**Task details:**
Only the lines of the data below from the one with "Ein Schlafzimmer mit" through the one with "Portrait of a" are wanted. Repeat them exactly.

**Data for this task:**
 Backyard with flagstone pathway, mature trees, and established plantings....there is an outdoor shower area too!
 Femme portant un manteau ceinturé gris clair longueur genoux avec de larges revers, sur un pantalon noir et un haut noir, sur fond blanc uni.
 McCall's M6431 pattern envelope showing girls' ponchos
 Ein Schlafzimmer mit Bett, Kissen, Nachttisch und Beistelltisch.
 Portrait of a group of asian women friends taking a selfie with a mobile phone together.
...
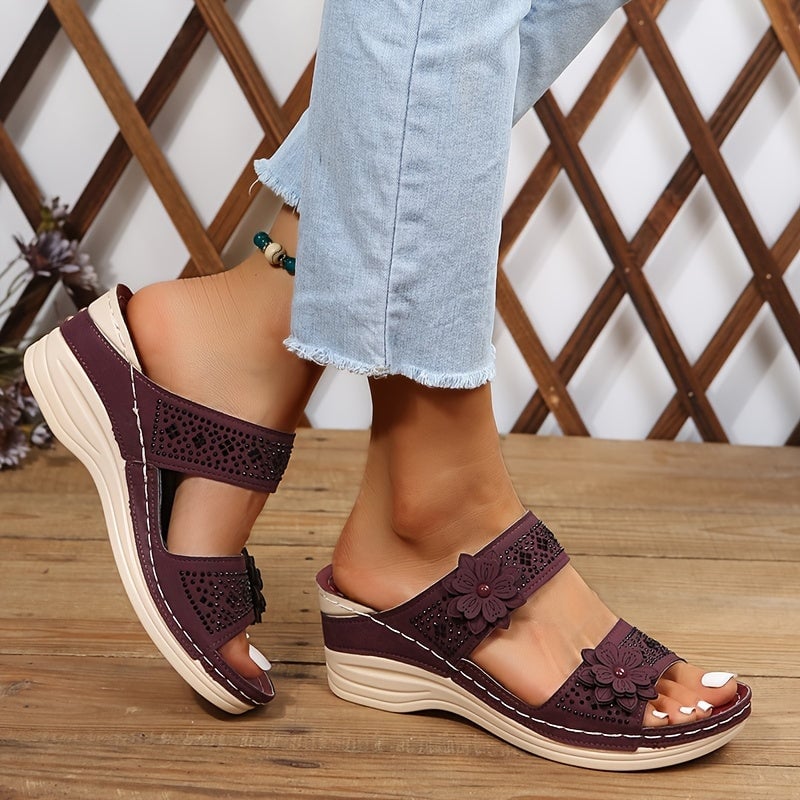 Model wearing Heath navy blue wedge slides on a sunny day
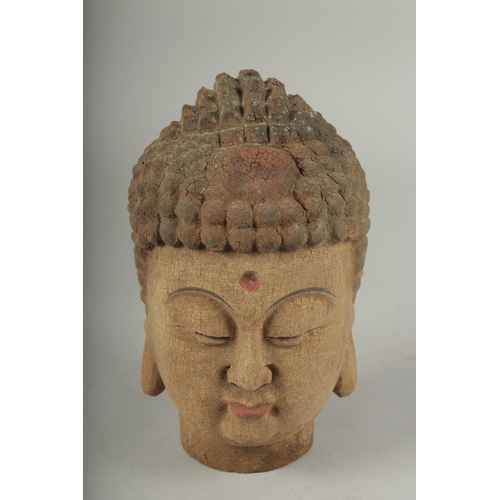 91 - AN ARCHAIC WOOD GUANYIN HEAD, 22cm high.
* * *
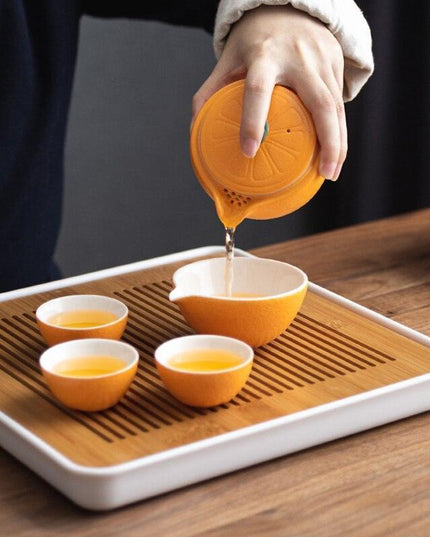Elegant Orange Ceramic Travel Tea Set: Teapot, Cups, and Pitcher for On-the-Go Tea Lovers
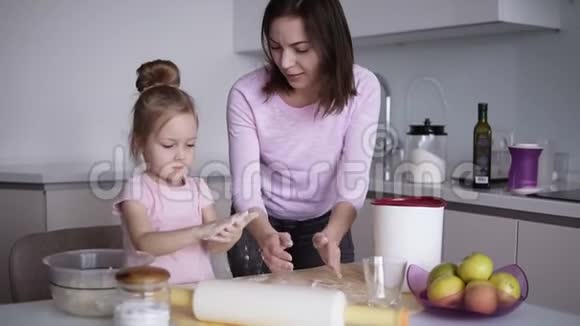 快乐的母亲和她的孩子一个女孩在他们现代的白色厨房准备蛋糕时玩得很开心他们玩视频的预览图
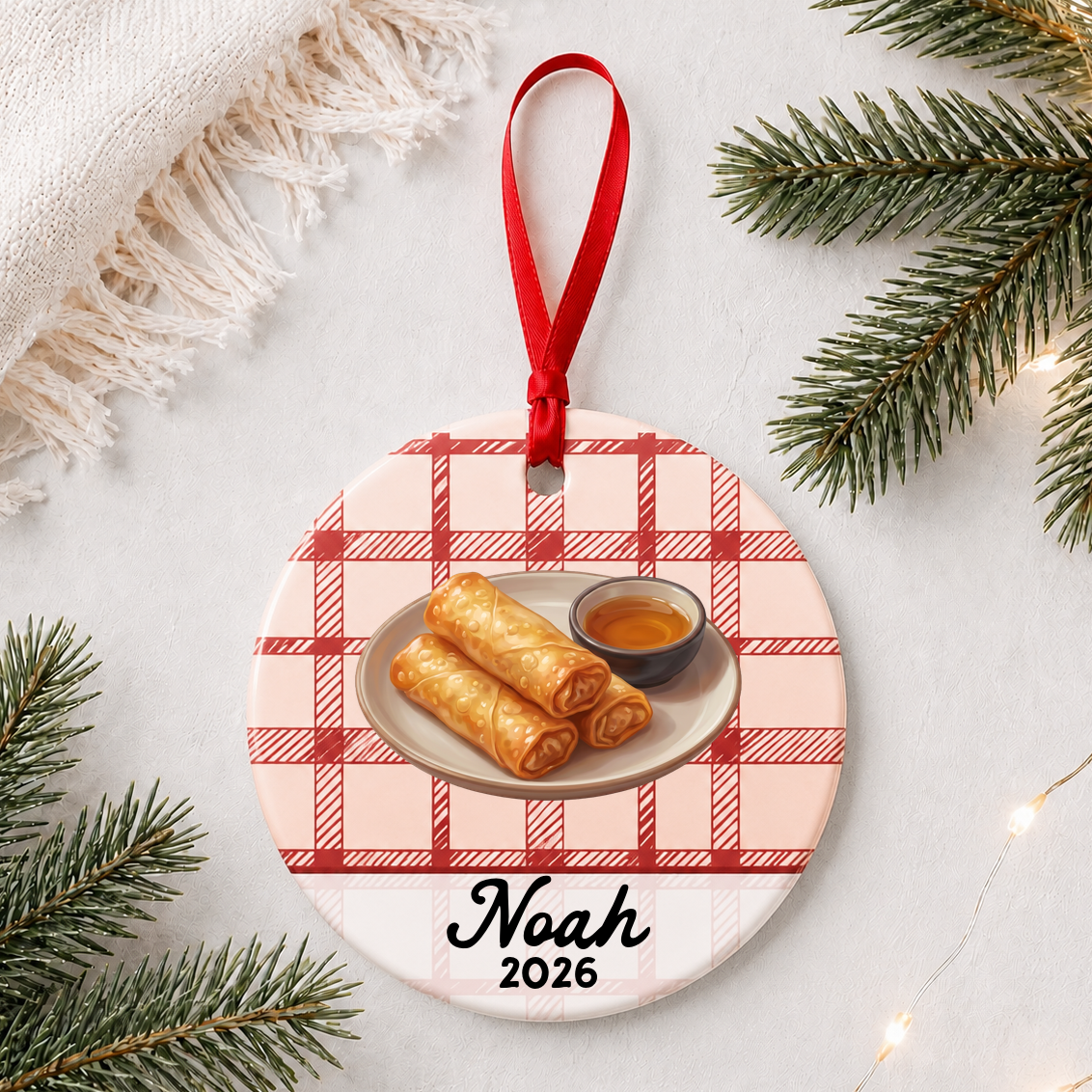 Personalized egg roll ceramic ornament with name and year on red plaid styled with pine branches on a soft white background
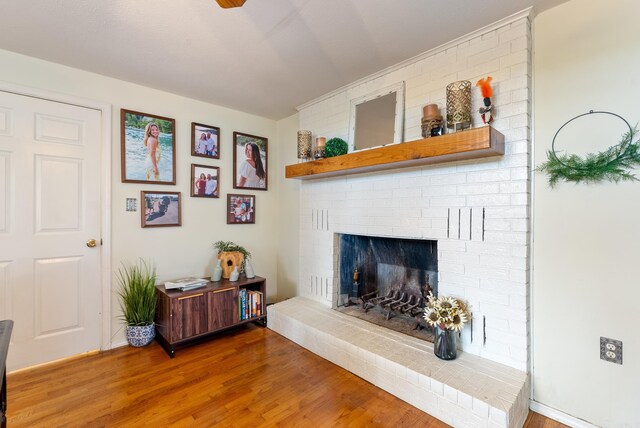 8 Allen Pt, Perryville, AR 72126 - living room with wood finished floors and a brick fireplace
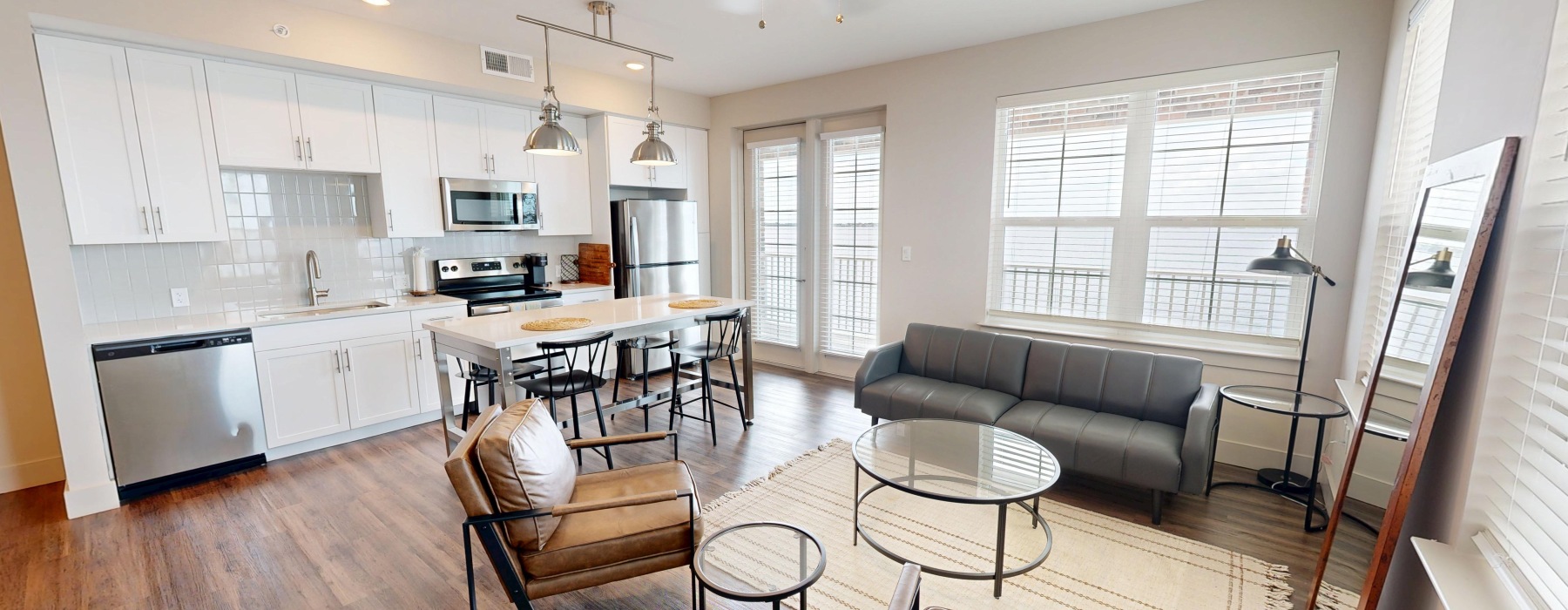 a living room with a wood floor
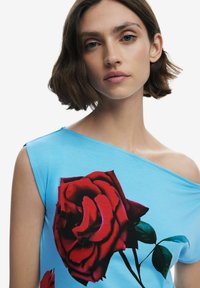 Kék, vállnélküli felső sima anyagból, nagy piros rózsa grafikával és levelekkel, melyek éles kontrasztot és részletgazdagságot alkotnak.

**Answer for the task:**
 Ein Schlafzimmer mit Bett, Kissen, Nachttisch und Beistelltisch.
 Portrait of a group of asian women friends taking a selfie with a mobile phone together.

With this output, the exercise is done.